◆ Information shown:
◆ ◆ ◆ ◆ ◆ ◆ ◆

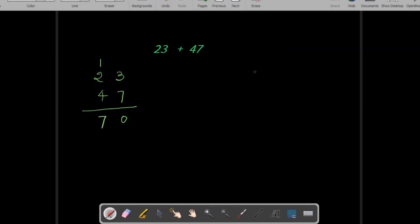Using this Vedic math trick we need to write the number this way. After that, the 2 and 4 — since these are in the tens position — we are going to add these two, that would be equal to 6. Put a 0 next to it. Now add 3 and 7, that is equal to 10, and now we add these two and the answer is 70.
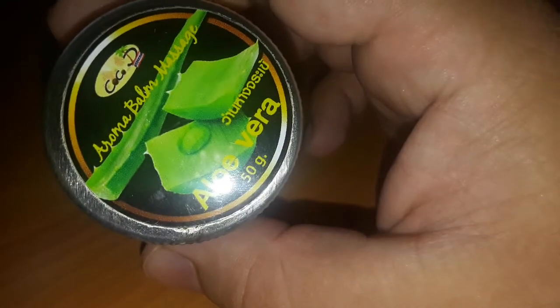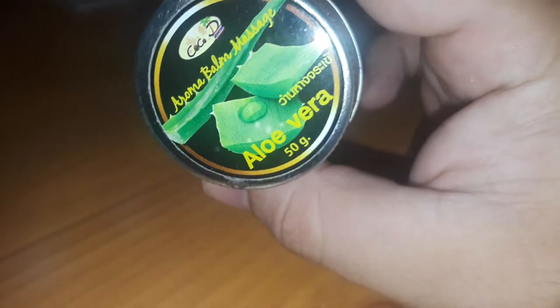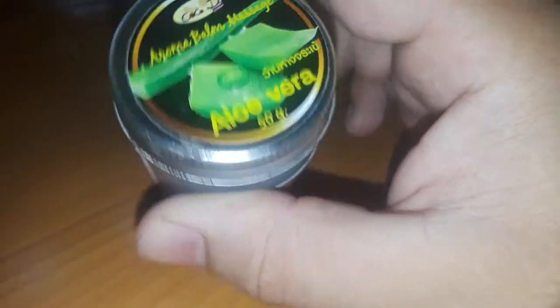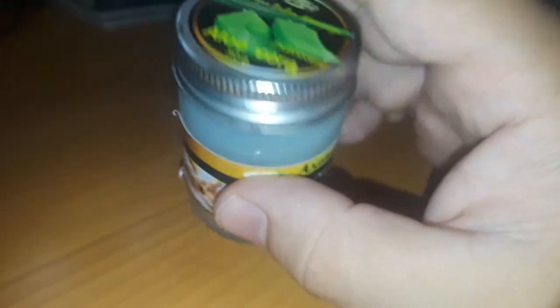What is up guys, it's Jarot333, and like to subscribe to Jarot boy. So this is a review on this called Oliveira Aroma Balm Massage. I've seen these on eBay around $3 to $10 each, depending on what kind you get. Yeah, this one is Oliveira.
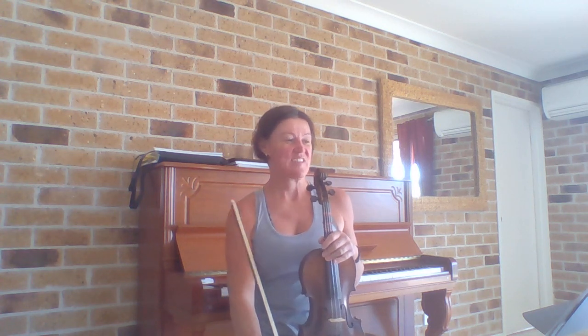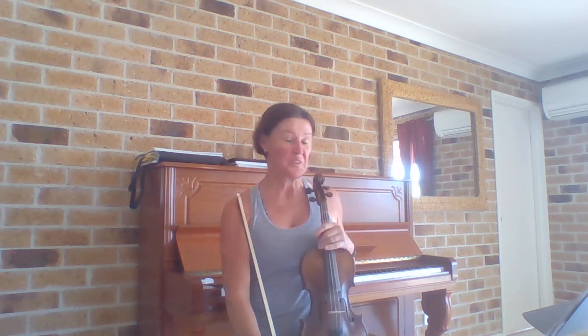Hi everybody. This is a video for the four fives working from Essential Elements book one, and we're nearly at the end of the beads. This is exercise 139, and it's for the brown bead.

◆ ◆ ◆ ◆ ◆ ◆ ◆

◆ Work task:
Take the listing above and print it exactly, apart from the pictures.

◆ Completed task:
Using this Vedic math trick we need to write the number this way. After that, the 2 and 4 — since these are in the tens position — we are going to add these two, that would be equal to 6. Put a 0 next to it. Now add 3 and 7, that is equal to 10, and now we add these two and the answer is 70.
What is up guys, it's Jarot333, and like to subscribe to Jarot boy. So this is a review on this called Oliveira Aroma Balm Massage. I've seen these on eBay around $3 to $10 each, depending on what kind you get. Yeah, this one is Oliveira.
Hi everybody. This is a video for the four fives working from Essential Elements book one, and we're nearly at the end of the beads. This is exercise 139, and it's for the brown bead.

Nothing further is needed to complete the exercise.